Oct. 14: Conjunction of the moon and Saturn. The waxing gibbous moon will swing about 4 degrees to the south of Saturn in the evening sky.
Oct. 15: Conjunction of the moon and Jupiter. The waxing gibbous moon will swing about 4 degrees to the south of Jupiter in the evening sky.
Oct. 16: NASA will launch its Lucy mission to study the Trojan asteroids. It will lift off from Space Launch Complex-41 at Cape Canaveral Space Force Station in Florida at 5:34 a.m. EDT (0934 GMT), on a United Launch Alliance Atlas V rocket.
Oct. 16/17: The Soyuz MS-18 crew capsule will return to Earth from the International Space Station with Russian cosmonaut Oleg Novitsky, as well as two space tourists: Russian film director Klim Shipenko and a (not-yet-named) Russian actress, who will have arrived on the Soyuz MS-19 mission in September and plan to film a movie in space. Undocking is scheduled for 9:13 p.m. EDT on Oct. 16 (0113 Oct. 17 GMT), and the crew will land in Kazakhstan at approximately 12:36 a.m. (0436 GMT) on Oct. 17.
Oct. 20: The full moon of October, known as the Full Hunter's Moon, occurs at 10:57 a.m. EDT
Oct. 21: The waning gibbous moon and Uranus will make a close approach, passing within 1.3 degrees of each other. Shining at magnitude 5.7, Uranus may be bright enough to spot with the naked eye under dark skies.
Oct. 21: South Korea will launch its new Korea Space Launch Vehicle 2 (KSLV-2) rocket, called Nuri, on its first orbital launch attempt from the Naro Space Center, carrying a dummy payload.
Oct. 21-22: The annual Orionid meteor shower, which is active all month long, peaks overnight.
Oct. 22: Arianespace will use an Ariane 5 ECA rocket to launch the SES 17 and Syracuse 4A communications satellites from the Guiana Space Center near Kourou, French Guiana.
Oct. 24: Mercury at greatest elongation west. The innermost planet will reach its greatest western separation from the sun, shining brightly at magnitude -0.6. Catch the elusive planet above the eastern horizon shortly before sunrise. The following day (Oct. 25) Mercury will reach its highest point in the morning sky.
Oct. 24: The Japan Aerospace Exploration Agency (JAXA) will use an H-2A rocket to launch a replacement satellite for the country's Quasi-Zenith Satellite System, a regional GPS system. Dubbed QZS 1R, the satellite will lift off from the Tanegashima Space Center during a one-hour launch window that opens at 10 p.m. EDT
Oct. 28: A Russian Soyuz rocket will launch the Progress 79 cargo resupply spacecraft to the International Space Station. It will lift off from the Baikonur Cosmodrome in Kazakhstan.
Oct. 30: A SpaceX Falcon 9 rocket will launch a Crew Dragon spacecraft on the Crew-3 mission, the third operational astronaut flight to the International Space Station. On board will be NASA astronauts Raja Chari and Thomas Marshburn, and European Space Agency astronaut Matthias Maurer. (The fourth crewmember has not yet been announced). It will lift off from Launch Complex 39A at NASA's Kennedy Space Center in Florida.

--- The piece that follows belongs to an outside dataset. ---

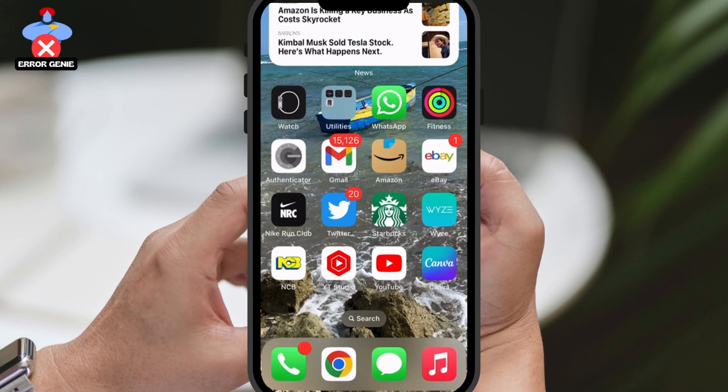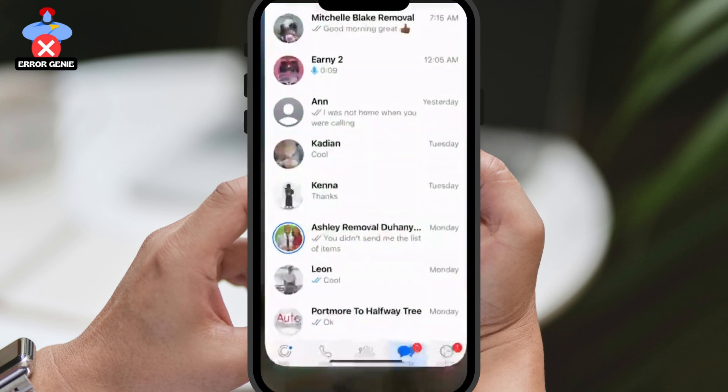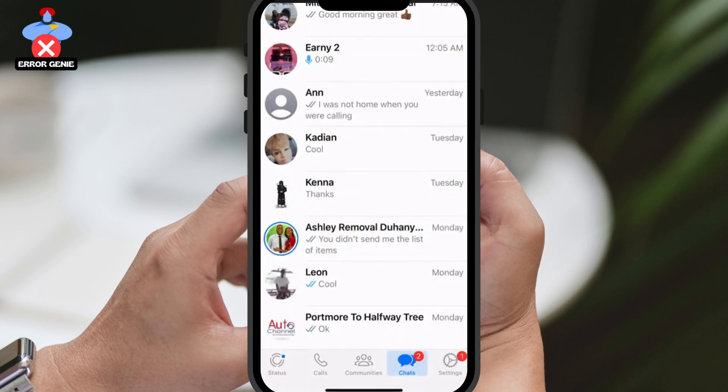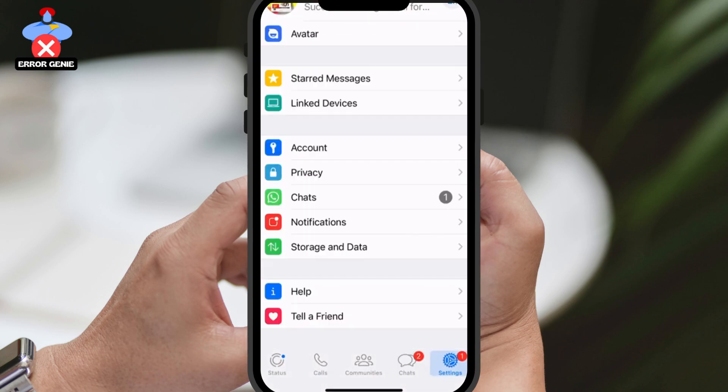First, open up your WhatsApp app and tap on Settings. Then, navigate to Linked Devices.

Also scheduled to launch in October (from Spaceflight Now):
- China will launch three astronauts to the Chinese space station on the Shenzhou 13 mission, which will launch on a Long March 2F rocket from the Jiuquan Satellite Launch Center in the Gobi Desert.
- A SpaceX Falcon Heavy rocket will launch the USSF 44 mission for the U.S. Air Force. The mission will lift off from NASA's Kennedy Space Center in Florida and is expected to deploy two undisclosed payloads into geosynchronous orbit.

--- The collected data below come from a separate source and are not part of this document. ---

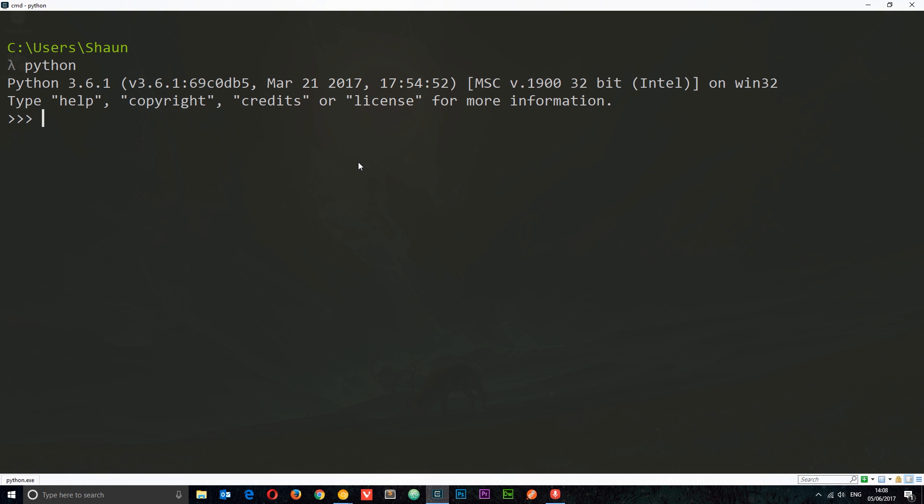We're going to look at numbers in this tutorial. In Python there are two types of numbers: integers and floats. Integers are whole numbers, things like 1, 3, 5, 7, 9, etc. Floating point numbers, or floats, are any number with a decimal point in them, so 3.142 or 1.5.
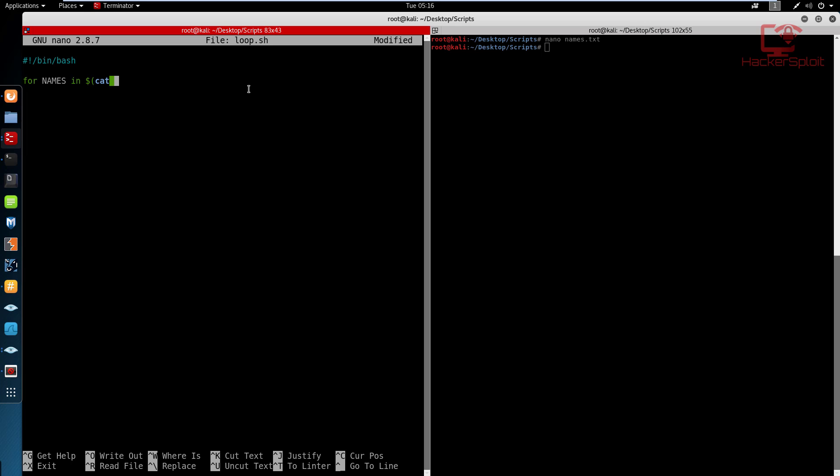This really increases the speed of the script and the performance. You'll get to why this makes a big difference when you have like almost 1000 pieces of information, or a list that contains 1000 entries. That's really when optimization comes into play. But as I said, so for names in and then the list, so we said the list name is called names dot txt.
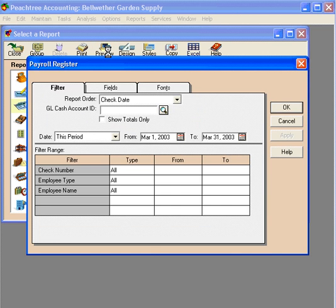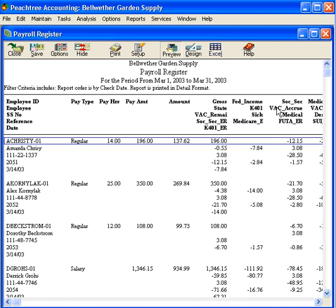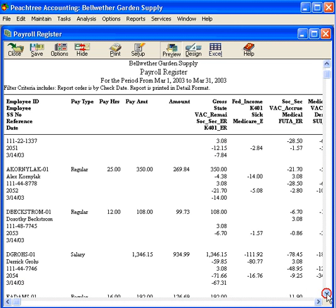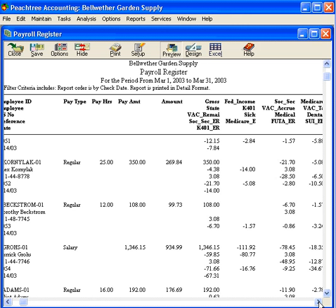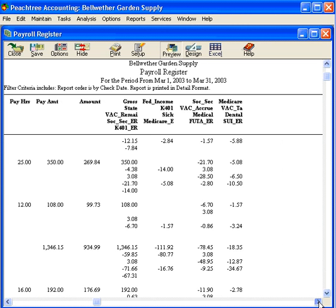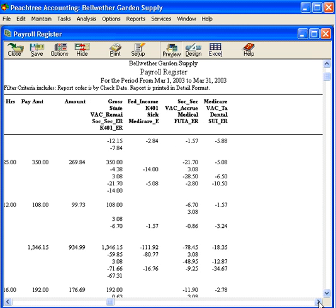Let's preview it. We'll accept the filter defaults and pull up the payroll register for the month of March. You can see that it's listed by employee, and it details all payroll information for the month by payroll check. This report also allows you to drill down to the original check, which is always very useful.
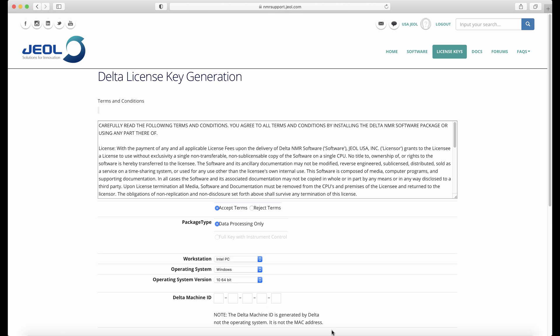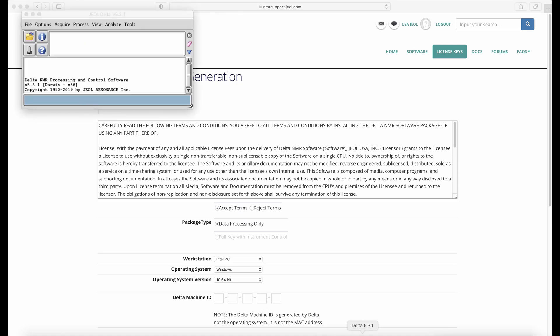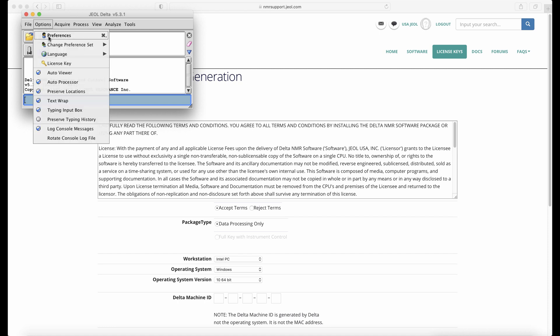In order to do this, open up Delta, go to the options menu, and choose license key.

- A SpaceX Falcon 9 rocket will launch 51 satellites for the company's Starlink broadband internet constellation. It will lift off from Space Launch Complex 4 at Vandenberg Space Force Station in California.

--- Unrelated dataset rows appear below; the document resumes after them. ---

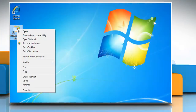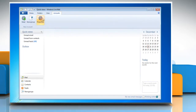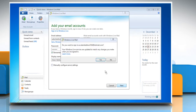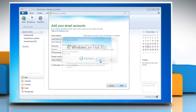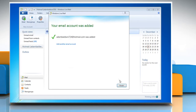Open Windows Live Mail. Click Accounts on the menu bar. Click on Email. Type your email account information and then click Next. Click Yes in the Windows Live Mail confirmation dialog box. Wait for the completion of the process and then click on Finish.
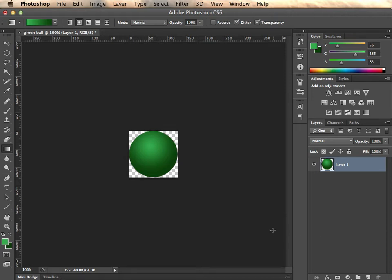In this part of the exercise we're going to use Photoshop to create some content. We're going to create a green ball and give it a little bit of a 3D look using the gradient tool. I've got a completed one here on screen.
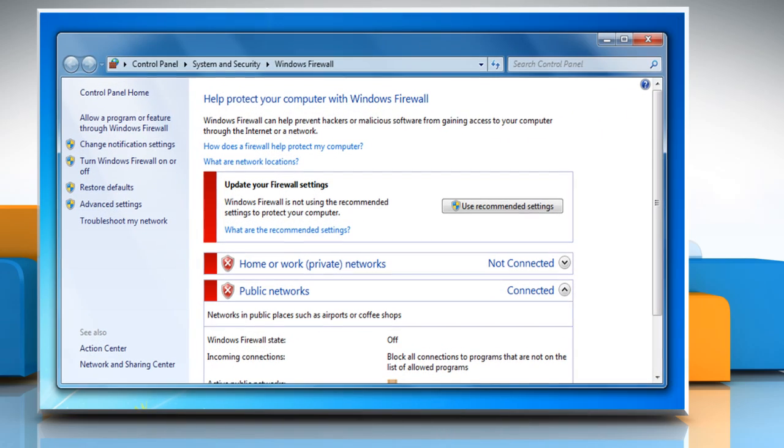On the left panel of the window that opens, click on Turn Windows Firewall on or off.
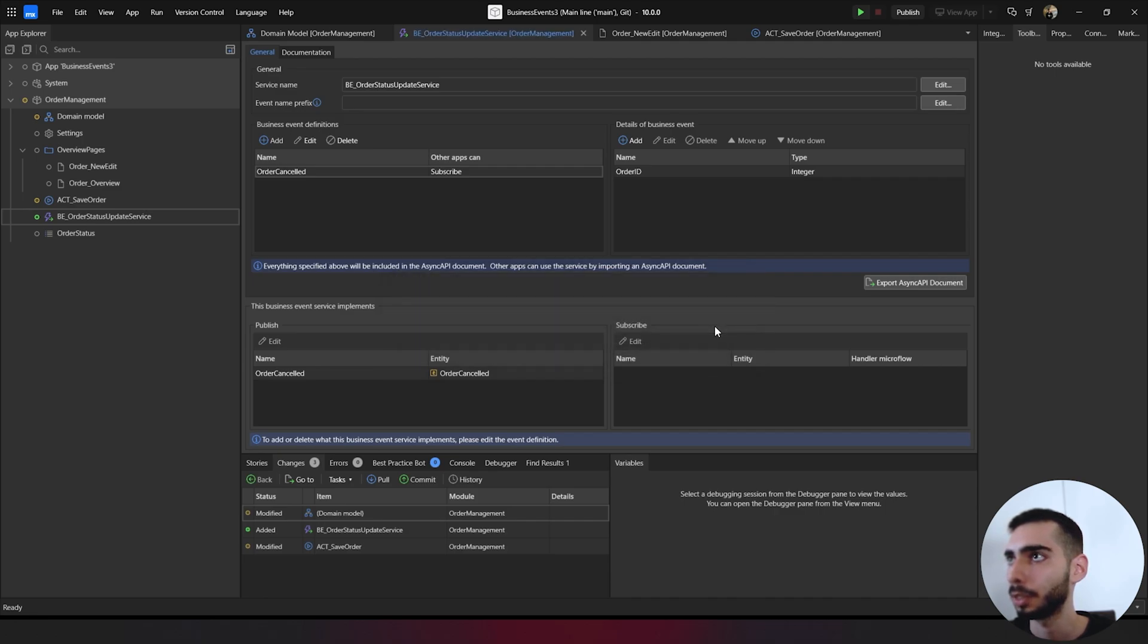To see if everything is working, you can publish your application. So click in publish on the top.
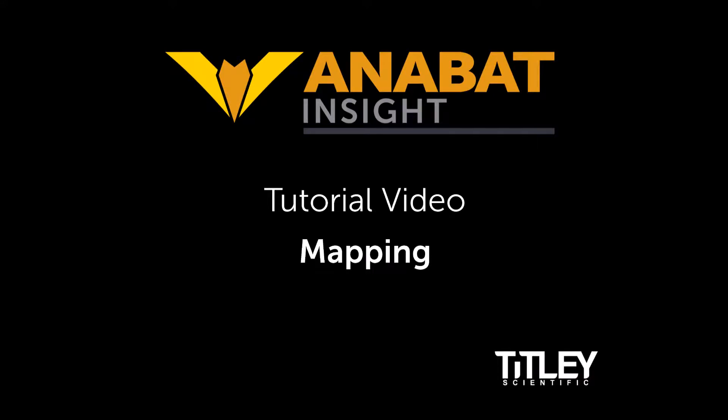Welcome to Titley Scientific's tutorial video series for Anabat Insight. In this video, you'll learn how to use the mapping features of Insight.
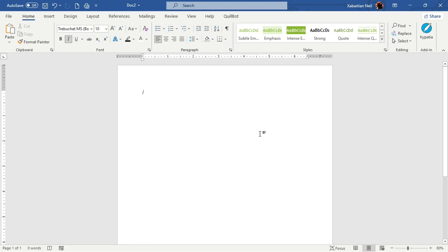Welcome back to the lesson of Microsoft Word. Today we're going to learn about formatting text, maintaining paragraphs, and editing them one by one.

- Rocket Lab will use an Electron rocket to launch two Earth observation satellites for the Seattle-based company BlackSky Global's planned constellation. The mission, nicknamed "Love At First Insight," will lift off from the Mahia Peninsula in New Zealand. This will be the first in a rapid succession of three BlackSky launches by Rocket Lab scheduled to launch no earlier than October.